#### DATA TO PROCESS
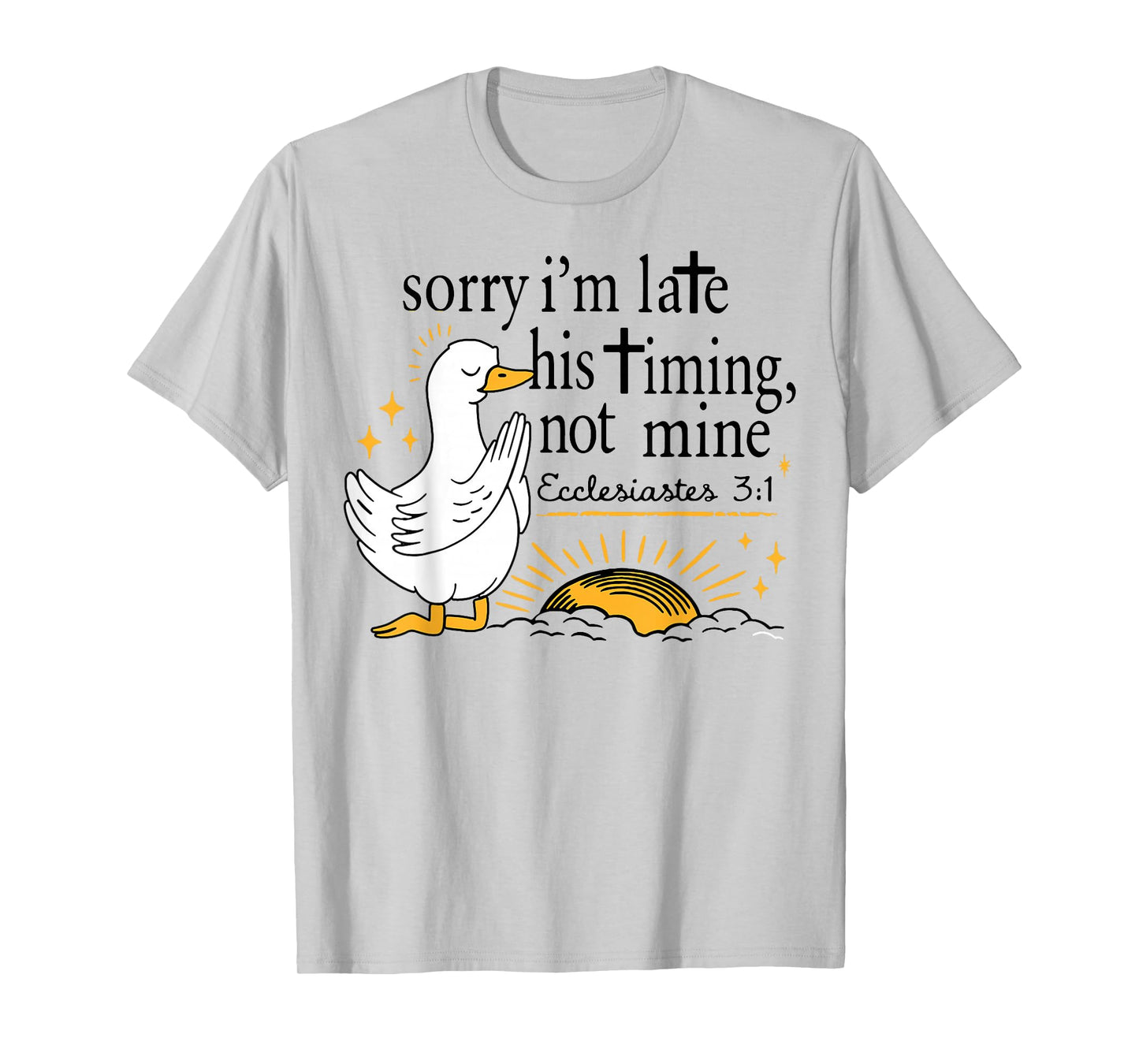 Sorry I’m Late Bible Verse, Ecclesiastes 3:1,Scripture,Faith T-Shirt
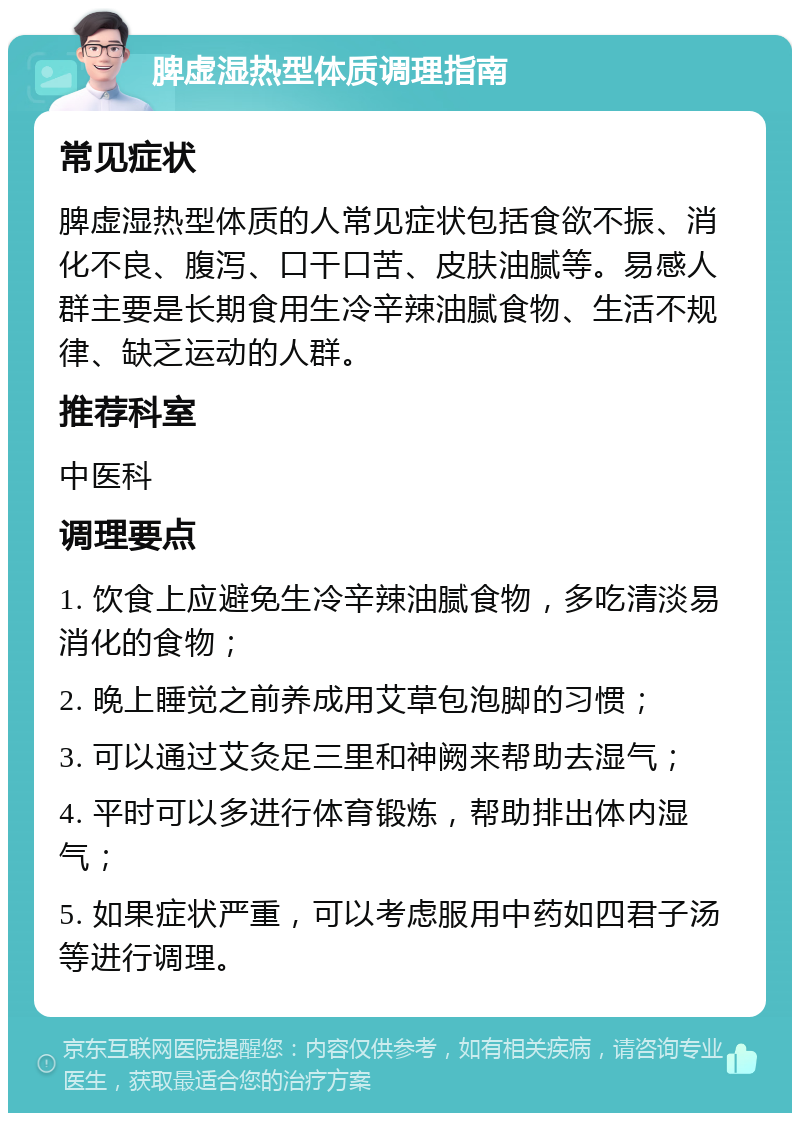 脾虚湿热型体质调理指南 常见症状 脾虚湿热型体质的人常见症状包括食欲不振、消化不良、腹泻、口干口苦、皮肤油腻等。易感人群主要是长期食用生冷辛辣油腻食物、生活不规律、缺乏运动的人群。 推荐科室 中医科 调理要点 1. 饮食上应避免生冷辛辣油腻食物，多吃清淡易消化的食物； 2. 晚上睡觉之前养成用艾草包泡脚的习惯； 3. 可以通过艾灸足三里和神阙来帮助去湿气； 4. 平时可以多进行体育锻炼，帮助排出体内湿气； 5. 如果症状严重，可以考虑服用中药如四君子汤等进行调理。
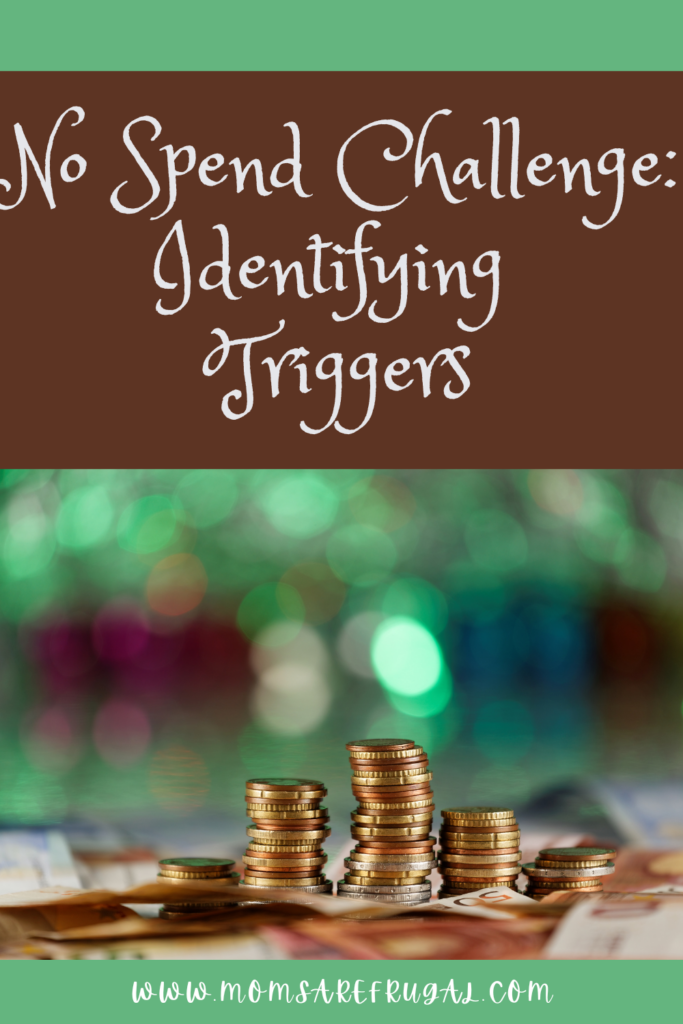 No Spend Challenge: Identifying Triggers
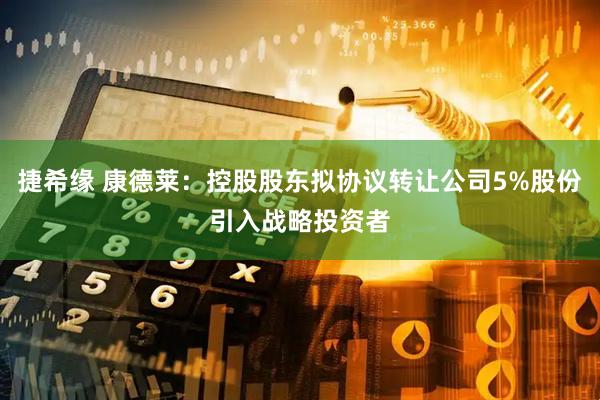 捷希缘 康德莱：控股股东拟协议转让公司5%股份引入战略投资者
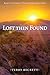 Lost Then Found: Book 1 of the Galactic Order and Development Series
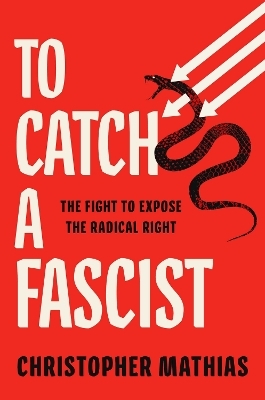 To Catch a Fascist - Christopher Mathias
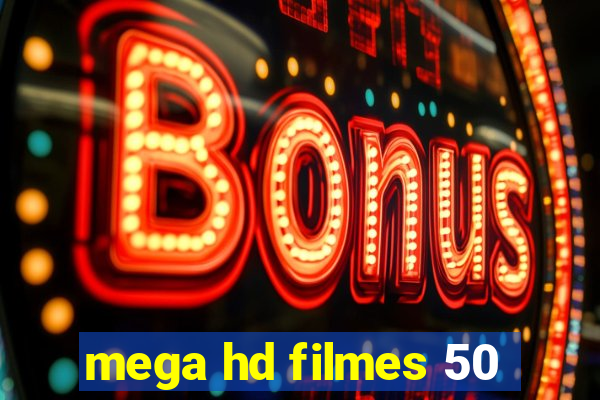 mega hd filmes 50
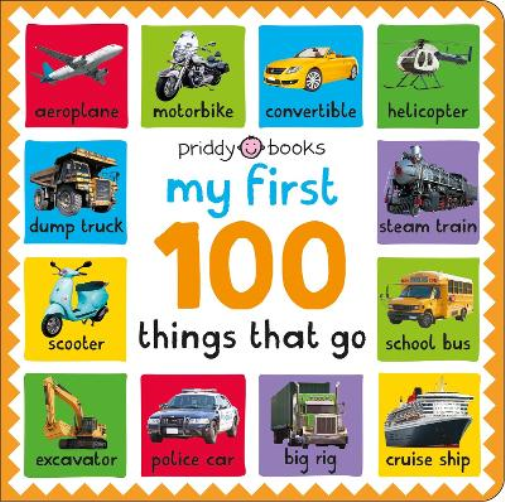 Priddy Books My First 100: Things That Go (Libro di cartone) My First 100
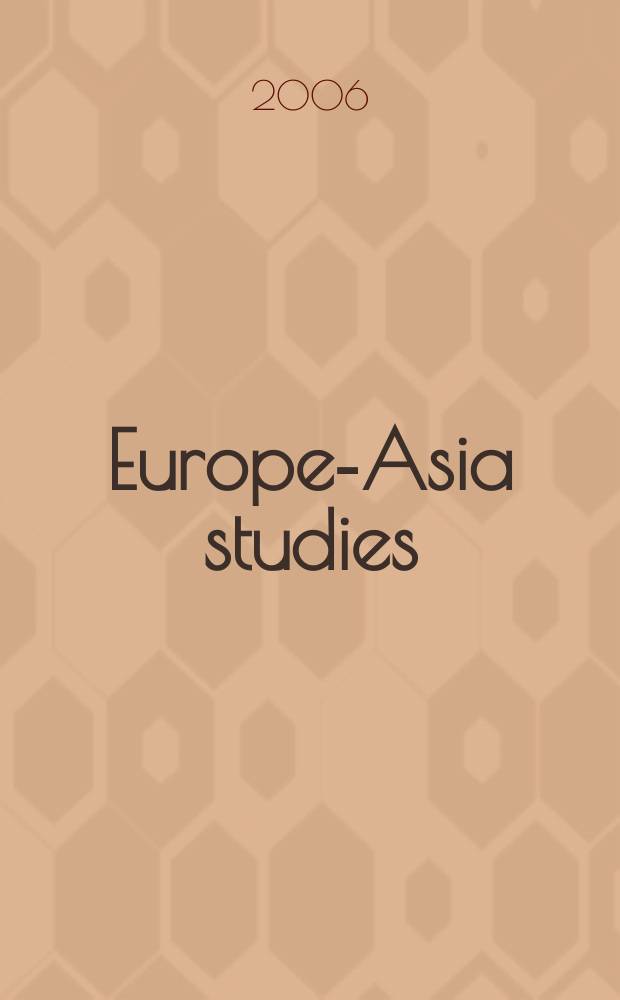 Europe-Asia studies : Formerly Soviet studies. Vol. 58, №3
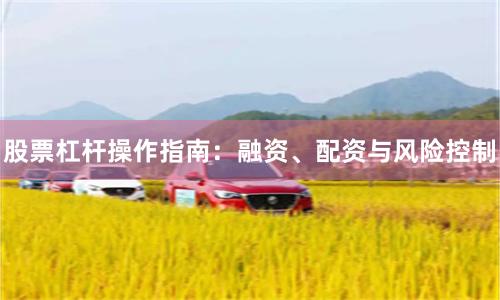 股票杠杆操作指南：融资、配资与风险控制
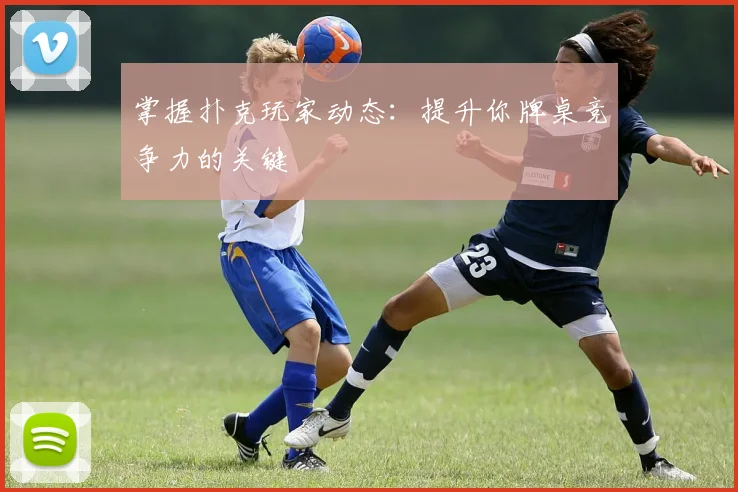 掌握扑克玩家动态:提升你牌桌竞争力的关键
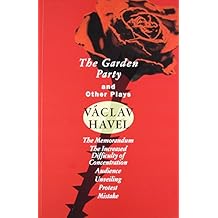 The Garden Party and Other Plays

#### PROBLEM DESCRIPTION
Return all records verbatim and drop the pictures.

#### OUTPUT FOR THIS EXERCISE
 Sorry I’m Late Bible Verse, Ecclesiastes 3:1,Scripture,Faith T-Shirt
 脾虚湿热型体质调理指南 常见症状 脾虚湿热型体质的人常见症状包括食欲不振、消化不良、腹泻、口干口苦、皮肤油腻等。易感人群主要是长期食用生冷辛辣油腻食物、生活不规律、缺乏运动的人群。 推荐科室 中医科 调理要点 1. 饮食上应避免生冷辛辣油腻食物，多吃清淡易消化的食物； 2. 晚上睡觉之前养成用艾草包泡脚的习惯； 3. 可以通过艾灸足三里和神阙来帮助去湿气； 4. 平时可以多进行体育锻炼，帮助排出体内湿气； 5. 如果症状严重，可以考虑服用中药如四君子汤等进行调理。
 No Spend Challenge: Identifying Triggers
 捷希缘 康德莱：控股股东拟协议转让公司5%股份引入战略投资者
 Lost Then Found: Book 1 of the Galactic Order and Development Series
 To Catch a Fascist - Christopher Mathias
 mega hd filmes 50
 Priddy Books My First 100: Things That Go (Libro di cartone) My First 100
 Europe-Asia studies : Formerly Soviet studies. Vol. 58, №3
 股票杠杆操作指南：融资、配资与风险控制
 掌握扑克玩家动态:提升你牌桌竞争力的关键
 The Garden Party and Other Plays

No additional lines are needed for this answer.